Ex-diretor da Vale fora chamado de volta pelo governo, só não sabia que para o lugar de Agnelli
Ao decidir em dezembro que uma década na direção da Vale já era muito para o executivo Roger Agnelli e para uma empresa controlada por fundos de pensão de empresas estatais e o BNDES, a presidente Dilma Rousseff impôs uma condição, segundo os raros assessores que consultou sobre a sucessão: que ocorresse em ambiente de mercado.
A mensagem foi objetiva: Agnelli, ex-diretor de participações do Bradesco, sócio da holdingValepar, que reúne o bloco de controle da Vale, e por essa razão presidia o Conselho de Administração até ser guindado à direção executiva, estava desgastado para continuar à frente da ex-estatal. Mas nenhum interesse de partidos, mesmo do PT, deveria ser considerado nas negociações para sua substituição.

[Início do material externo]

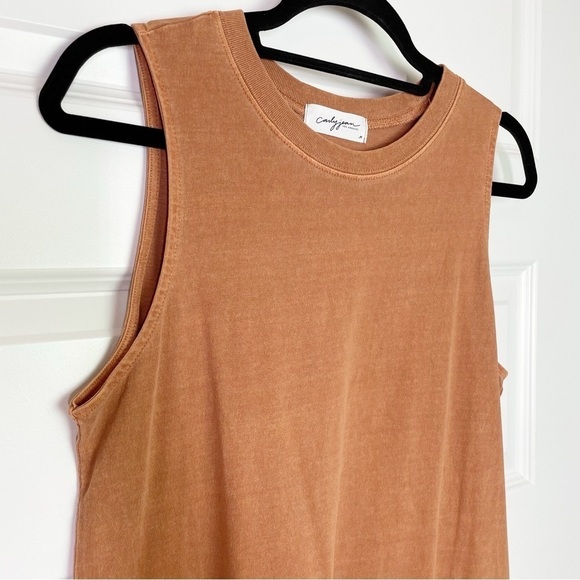 Carly Jean Los Angeles CJLA Playa Heather Cotton Mini Dress in Amber NWOT - Picture 7 of 7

Dilma sabia que Agnelli não era um simples executivo, pois se até o então presidente Lula não sensibilizara os controladores da Vale para afastá-lo, depois que ambos se atritaram no fim de 2008 (veja Brasil S/A de 26 de março), todo o processo sucessório implicaria uma costura delicada. Não se sabe se ela tinha um nome na manga.

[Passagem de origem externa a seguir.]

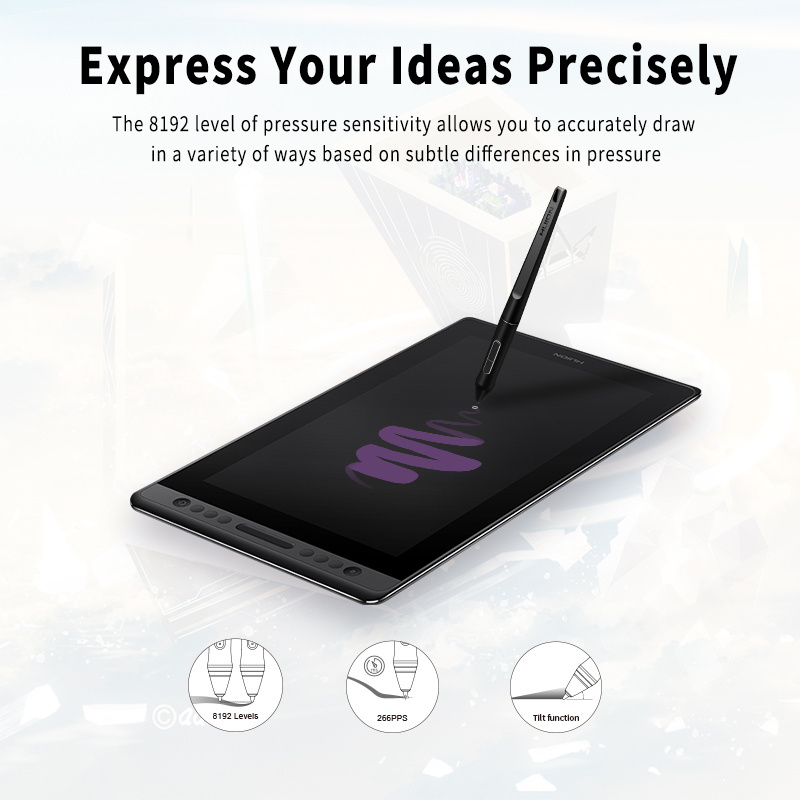 Huion KAMVAS PRO 16 professional animation 3D design interactive lcd display digital Graphic Drawing Tablet pen Monitor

O que se apurou agora é que o ex-executivo da mineradora Murilo Pinto de Oliveira Ferreira, desafeto de Agnelli, estava convidado a voltar à diretoria, depois do desenlace. Ele aceitou, sem saber que seria para o lugar de Agnelli. Especula-se que as personagens do governo envolvidas no processo também desconheciam que Ferreira fosse o coringa de Dilma. Ele foi poupado para não ser queimado.
Ferreira era funcionário antigo da Vale, onde entrou em 1977. Ele chegou a diretor depois da privatização, em 1997, durante a gestão do empresário Benjamin Steinbruch, hoje controlador da CSN, e fez carreira até trombar com Agnelli, em 2008, em circunstância ruim.

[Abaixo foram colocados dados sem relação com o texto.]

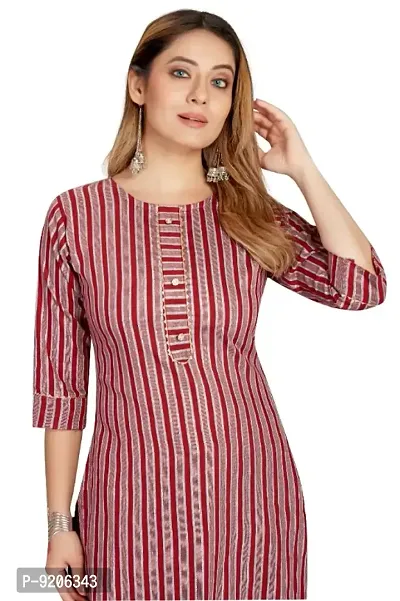 Womens Pure Cotton Line Printed Straight Kurti-thumb3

Dois anos antes, a Vale comprara a Inco, no Canadá, maior produtor mundial de níquel, em negociação conduzida por Ferreira, o que o levou a presidir a mineradora. A empresa tinha custos trabalhistas elevados, sobretudo de seu fundo de previdência. Eles divergiram sobre o encaminhamento dos cortes de custo. Agnelli queria pressa.
Ferreira argumentava que o ambiente estava quente, havia oposição à investida de uma empresa brasileira no principal setor econômico do Canadá e risco de greve. O auge do conflito se deu durante uma teleconferência, com Agnelli na sede da Vale, no Rio, e Ferreira na Inco. A diretoria toda assistiu à discussão. Ele voltou para o Rio no mesmo dia. No voo de volta, sentiu-se mal, e decidiu sair.
Manobras no bastidor
Fato é que os cortes na Inco levaram a uma greve desgastante para a Vale e o próprio governo Lula. Sindicalistas canadenses vieram a Brasília pedir apoio de Lula e do PT. É quando a contrariedade de Ferreira com Agnelli veio à tona, e ele passou a ser observado.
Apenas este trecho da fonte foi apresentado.